[Given entries Boundary: Start]

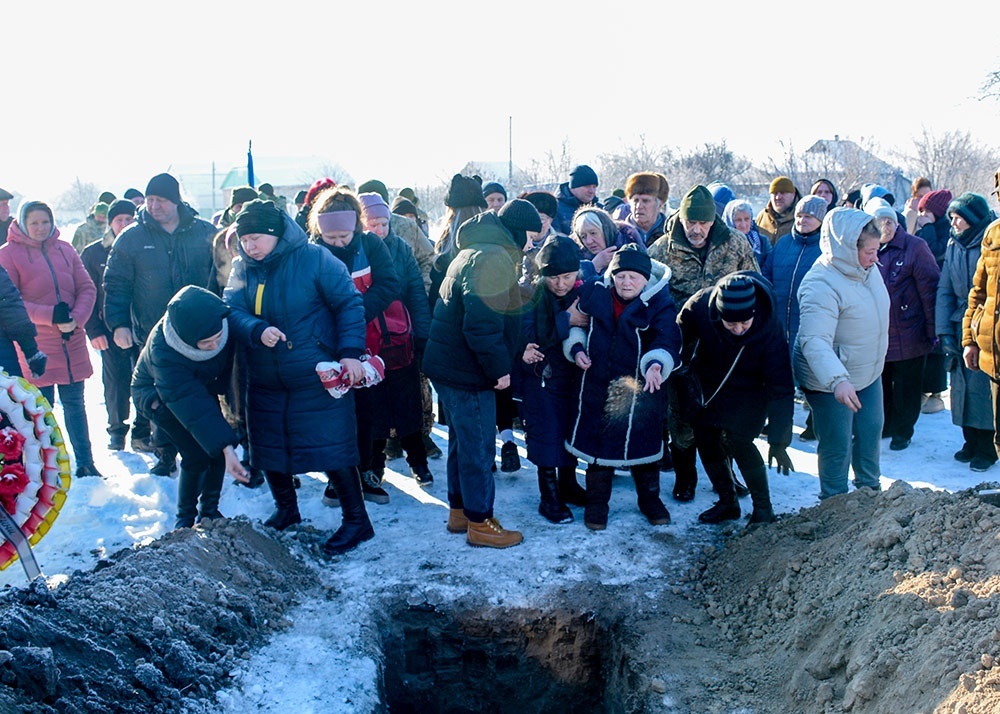 У Горохуватці провели в останню путь воїна Івана Курбета - 28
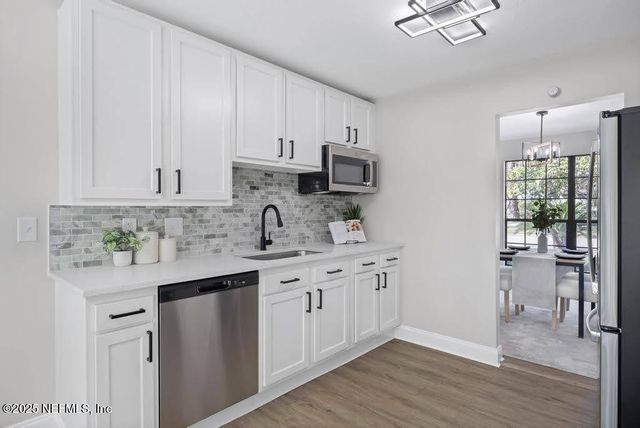 1647 WINDY OAKS Drive, Jacksonville, FL 32225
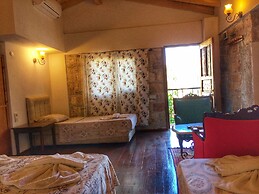 Parmis Boutique House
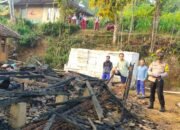 Rumah Panggung Terbuat Dari Kayu Dilalap Sigap Merah Hangus Tidak Tersisa, Akibat Konsleting listrik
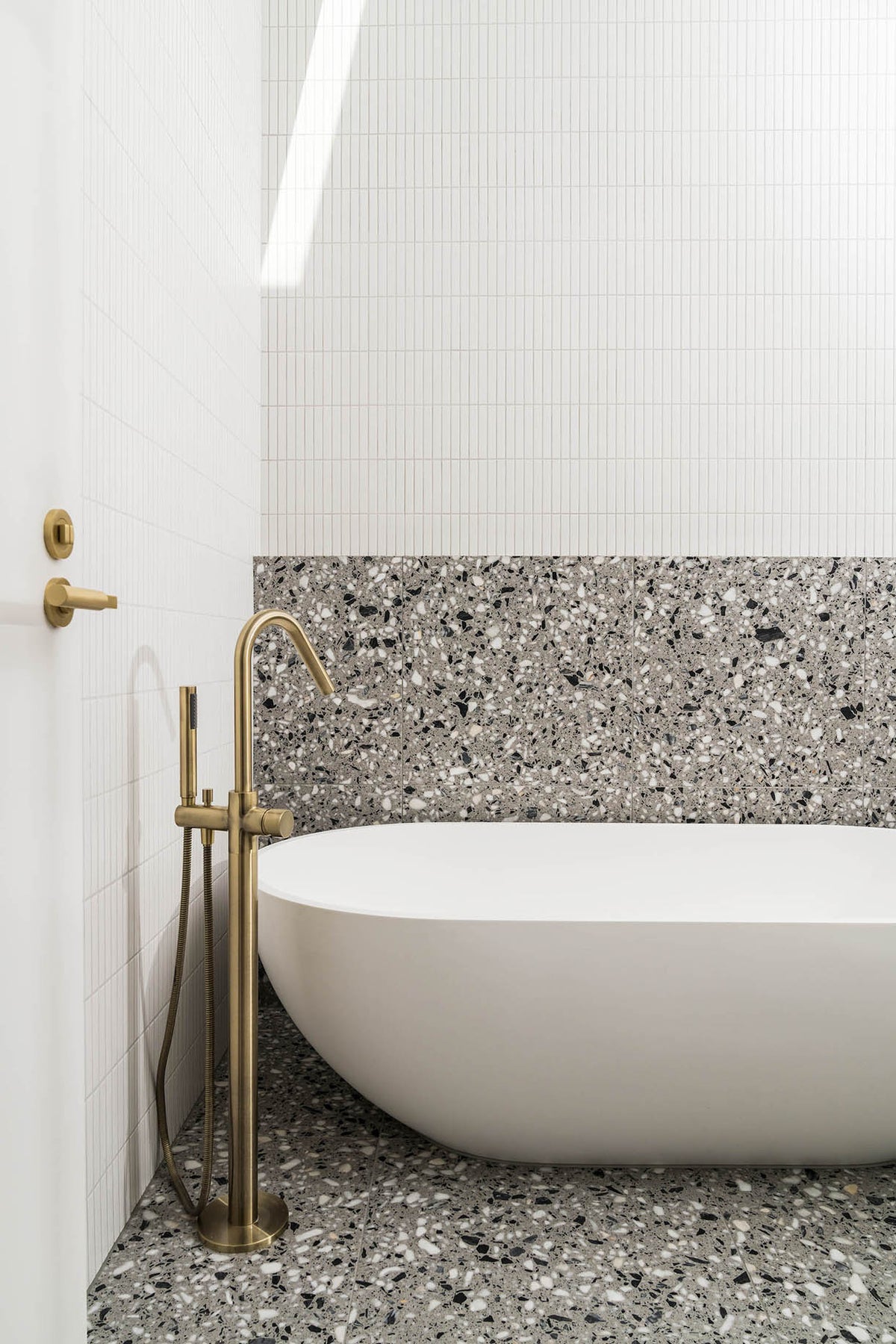 Meir Round Pinless Freestanding Bath Spout and Hand Shower
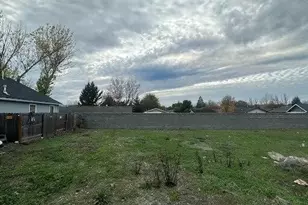 7689 Calaveras St, White City, OR 97503 - Photo 1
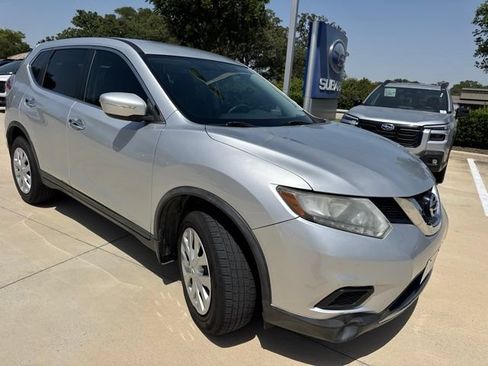 Used 2015 Nissan Rogue S FWD image 1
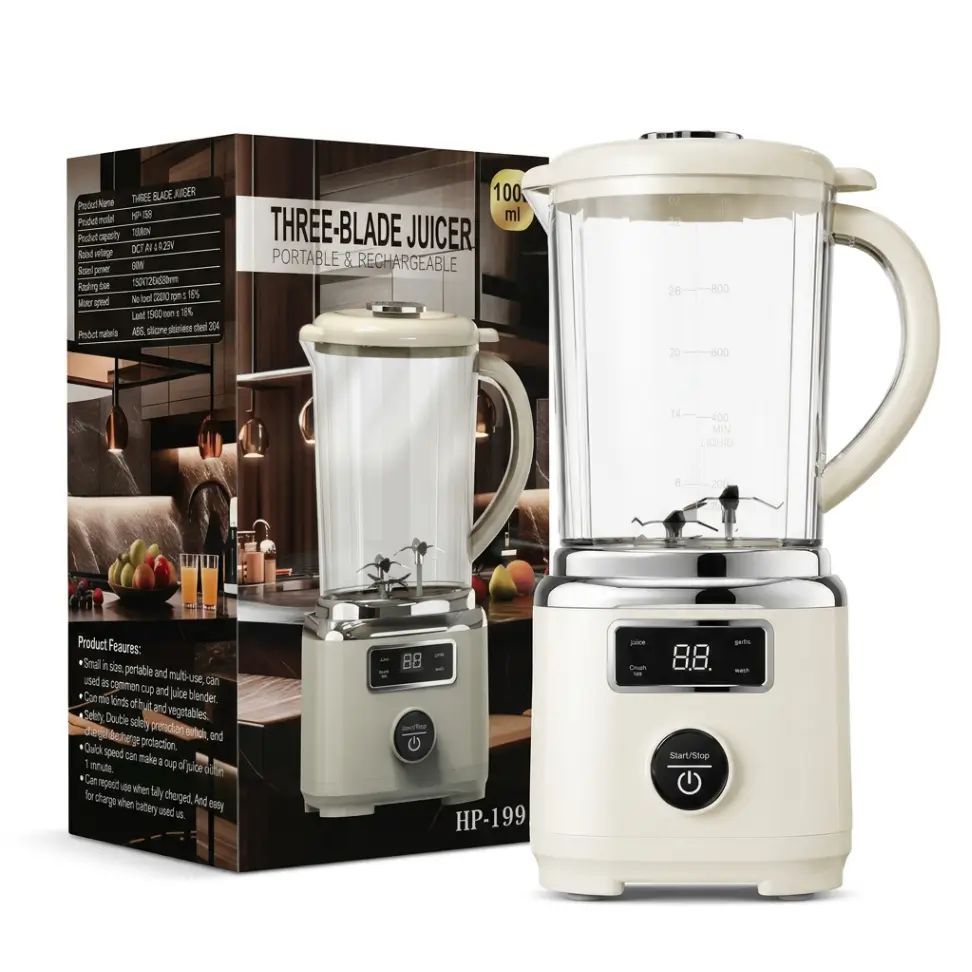 Rechargeable blender 3 Blades Ice Crushing Wireless Juicer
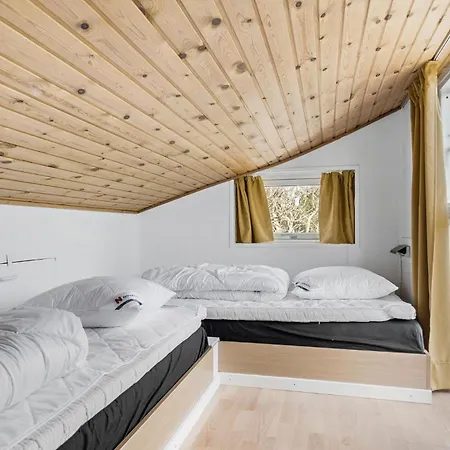 5 Bedroom Nice In Σπίτι διακοπών *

[Given entries Boundary: End]

**What the task asks:**
Look above for the line with "1647 WINDY OAKS", then give again exactly every line from there through the line with "Used 2015 Nissan Rogue S FWD image 1", skipping the pictures.

**Result of this exercise:**
 1647 WINDY OAKS Drive, Jacksonville, FL 32225
 Parmis Boutique House
 Rumah Panggung Terbuat Dari Kayu Dilalap Sigap Merah Hangus Tidak Tersisa, Akibat Konsleting listrik
 Meir Round Pinless Freestanding Bath Spout and Hand Shower
 7689 Calaveras St, White City, OR 97503 - Photo 1
 Used 2015 Nissan Rogue S FWD image 1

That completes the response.